In questo teatro sono stati rappresentati in prima visione drammi dei migliori compositori con i più validi cantanti, a cominciare da quell'al­lievo del Porpora che fu Gaetano Maiorana detto il Cantarello. Tra i com­positori ricorderemo Niccolò Iommelli, Gaetano Latilla, che era maestro nel Conservatorio di Venezia, Leonardo Leo che invece insegnava nel Con­servatorio napoletano della Pietà dei Turchini, Adolfo Hasse che, anche es­sendo tedesco, aveva studiato a Napoli, Baldassarre Galuppi, Davide Puca, Cristoforo Gluck che il 4 novembre 1752 con la sua Clemenza di Tito e poi con l'Orfeo e con YAlceste ebbe tre grandi successi. Giunse poi da Bari Niccolò Piccinni del quale trionfò la Zenobia del Metastasio; furono rappresentate opere di Nicola Sala, che insegnò per un lunghissimo periodo al Conservatorio della Pietà dei Turchini, di Antonio Sacchini, venuto a Napoli nel settembre del 1761, Giovanni Cristiano Bach del quale furono rappresentate il Catone e l'Alessandro. Della scuola napoletana ricordiamo Tommaso Traetta, allievo del Porpora e del Durante, del quale fu data la Bidone scritta espressamente per questo teatro; Giovanni Paisiello, che anche se tarantino, fu allievo del Conservatorio napoletano di Sant'Onofrio a Capuana e discepolo del grande Francesco Durante.

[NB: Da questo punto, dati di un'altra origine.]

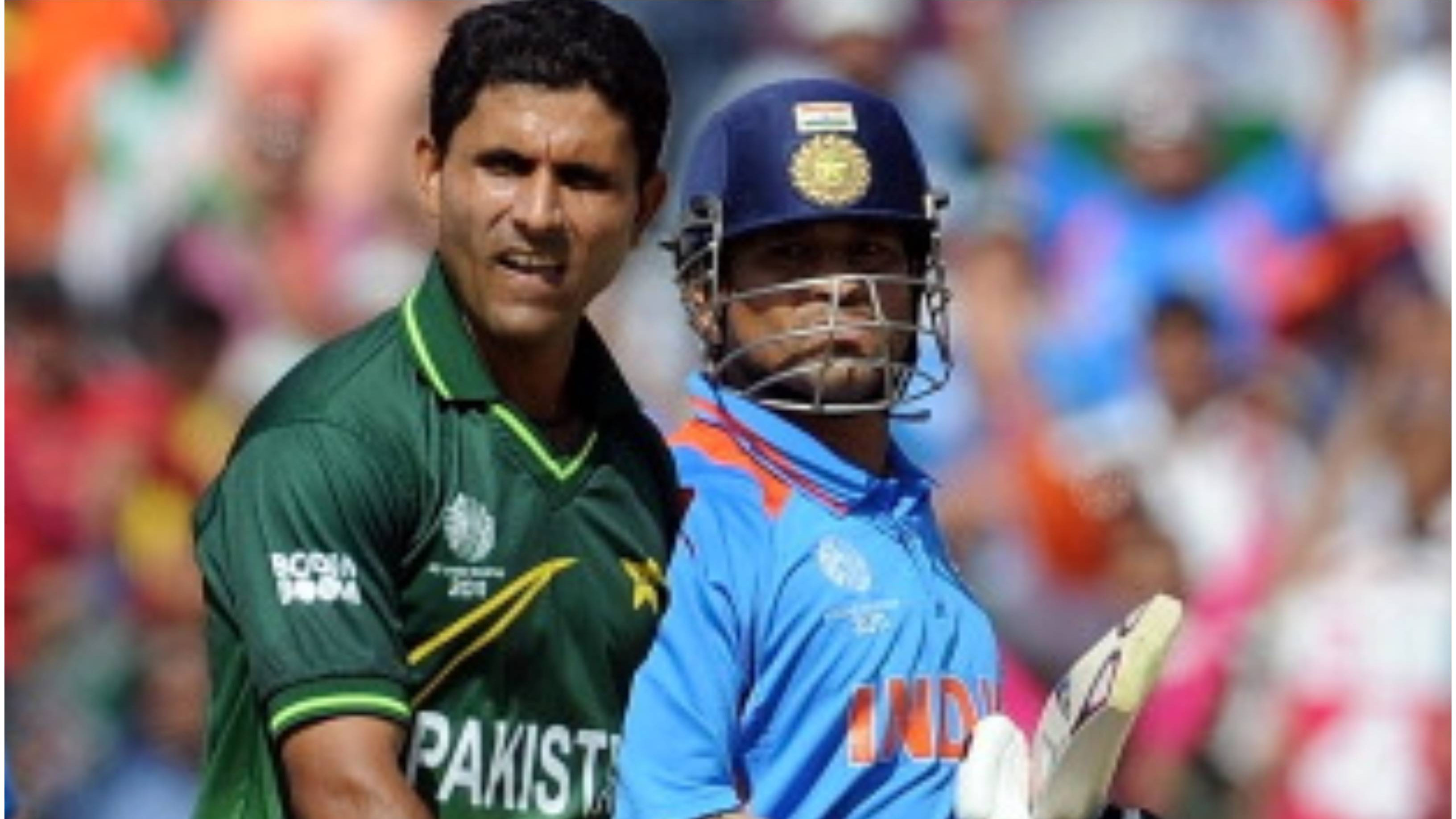 “He was being too kind,” Razzaq hails Tendulkar’s humility for acknowledging he was a tough bowler to face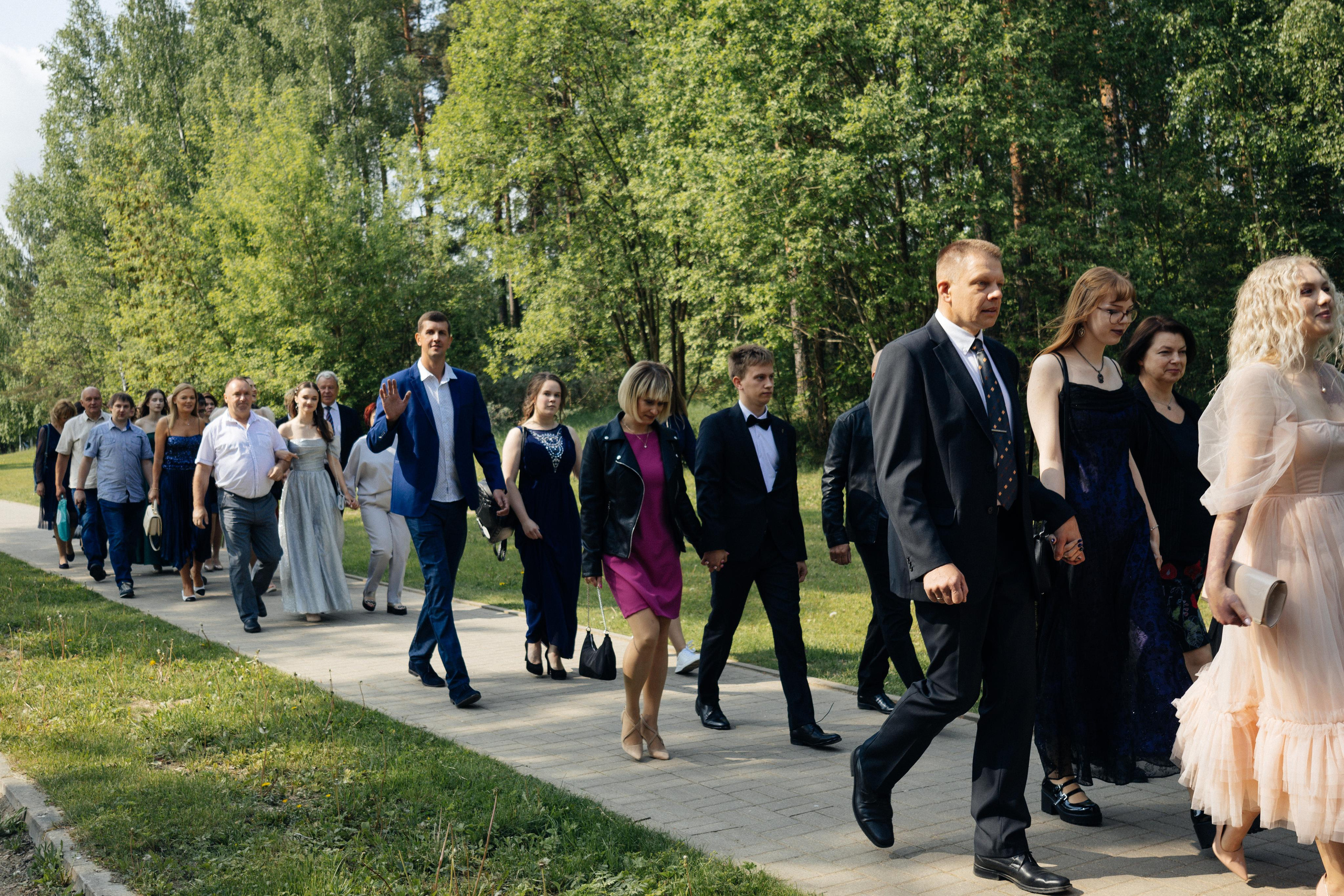 XLIV laida. Fotografė Aleksandra Samozvanova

II San Carlo fu dunque il più importante teatro lirico italiano. Nel 1786 terminò l'amministrazione della Deputazione e la sorveglianza sul funzionamento del teatro passò ad un Ministro economico che a quel tempo era il Barone Ventapane. Si provvide a riordinare l'orchestra e gli orchestrali giunsero al numero di cinquantanove per un spesa annua di duecentosessantacinque ducati; cantanti di grido calcarono il palcosce­nico e tra questi desideriamo ricordare la Brigida Banti che, cosa più unica che rara, non aveva mai studiato musica pur essendo stata alla Scala di Milano e all'inaugurazione della Fenice di Venezia nel 1792; cite­remo inoltre la Bellington e Giuseppina Grassini che riuscì ad affascinare col suo canto Napoleone e che, secondo alcuni, fu la causa del divorzio del Bonaparte da Giuseppina; ella fu poi nominata cantante di camera del­l'Imperatore  con un  diritto di pensione  di ben quindicimila franchi.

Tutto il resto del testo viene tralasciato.